Personal information
- Born: 3 June 1995 (age 30) Cocody, Ivory Coast
- Nationality: French/Ivorian
- Height: 1.96 m (6 ft 5 in)
- Playing position: Left back/Pivot

Club information
- Current club: Paris Saint-Germain
- Number: 7

Senior clubs
- Years: Team
- 2015–2022: Pays d'Aix UC
- 2022–2025: Montpellier Handball
- 2025–: Paris Saint-Germain

National team ^{1}
- Years: Team / Apps / (Gls)
- 2021–: France / 57 / (8)

Medal record
World Championship
| Bronze medal – third place | 2025 Croatia/Denmark/Norway |  |
European Championship
| Gold medal – first place | 2024 Germany |  |

= Karl Konan =

French handball player (born 1995)

Karl Konan (born 3 June 1995) is a French-Ivorian handball player for Paris Saint-Germain and the French national team.

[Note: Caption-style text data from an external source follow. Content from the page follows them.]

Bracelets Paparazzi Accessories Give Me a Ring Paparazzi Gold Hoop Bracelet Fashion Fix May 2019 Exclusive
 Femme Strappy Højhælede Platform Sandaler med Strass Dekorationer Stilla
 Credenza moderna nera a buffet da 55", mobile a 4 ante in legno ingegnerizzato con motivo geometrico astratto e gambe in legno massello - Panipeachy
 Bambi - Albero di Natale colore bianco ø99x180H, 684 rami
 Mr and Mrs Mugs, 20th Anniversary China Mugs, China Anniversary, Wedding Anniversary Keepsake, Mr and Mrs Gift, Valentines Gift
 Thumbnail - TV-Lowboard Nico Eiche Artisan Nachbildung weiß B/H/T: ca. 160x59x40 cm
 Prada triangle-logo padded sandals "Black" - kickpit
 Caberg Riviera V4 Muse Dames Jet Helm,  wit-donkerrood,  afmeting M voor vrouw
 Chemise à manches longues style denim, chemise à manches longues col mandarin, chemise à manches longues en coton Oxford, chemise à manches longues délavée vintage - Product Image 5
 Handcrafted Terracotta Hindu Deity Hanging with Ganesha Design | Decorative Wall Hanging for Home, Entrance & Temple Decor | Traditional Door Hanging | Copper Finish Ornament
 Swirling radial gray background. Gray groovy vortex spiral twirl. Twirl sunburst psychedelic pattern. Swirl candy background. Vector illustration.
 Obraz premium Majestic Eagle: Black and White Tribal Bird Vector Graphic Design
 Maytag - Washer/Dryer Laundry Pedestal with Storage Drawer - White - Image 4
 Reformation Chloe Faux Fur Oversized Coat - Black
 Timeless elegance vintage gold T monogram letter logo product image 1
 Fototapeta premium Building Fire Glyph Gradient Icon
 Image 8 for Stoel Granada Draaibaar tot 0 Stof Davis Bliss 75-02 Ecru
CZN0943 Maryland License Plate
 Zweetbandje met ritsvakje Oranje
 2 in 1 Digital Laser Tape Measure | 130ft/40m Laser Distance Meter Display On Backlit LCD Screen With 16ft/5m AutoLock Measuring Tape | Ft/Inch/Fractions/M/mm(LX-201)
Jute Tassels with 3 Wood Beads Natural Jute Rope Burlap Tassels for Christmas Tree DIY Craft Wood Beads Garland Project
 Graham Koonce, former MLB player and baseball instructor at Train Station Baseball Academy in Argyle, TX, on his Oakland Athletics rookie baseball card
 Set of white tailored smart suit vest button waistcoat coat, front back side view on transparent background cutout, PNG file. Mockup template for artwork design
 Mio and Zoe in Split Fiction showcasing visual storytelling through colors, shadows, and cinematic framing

He is known as a defensive specialist.

Konan was born in Ivory Coast.

==Career==
Konan started playing handball at Entente Sportive de Bingerville in the Ivory Coast. In 2014 he was spotted at a talent development tournament arranged by Daouda Karaboué and signed by Pays d'Aix UC. He was named as the best defensive player in the French League in the 2018/19, 2020/21 and 2021/22 seasons.

In 2022 he signed for Montpellier Handball. For the 2025-26 season he signed for league rivals Paris Saint-Germain.

===National team===
Konan debuted for the French national team on 2 May 2021 in a 46-30 win against Greece. His first major international tournament was the 2022 European Championship, where France finished 4th.

At the 2024 European Championship he won a Gold medal with the French team. He played all 9 matches and scored a single goal.

At the 2025 World Championship he won bronze medals with France, losing to Croatia in the semifinal and beating Portugal in the third place playoff. He played all 9 games and scored 1 goal.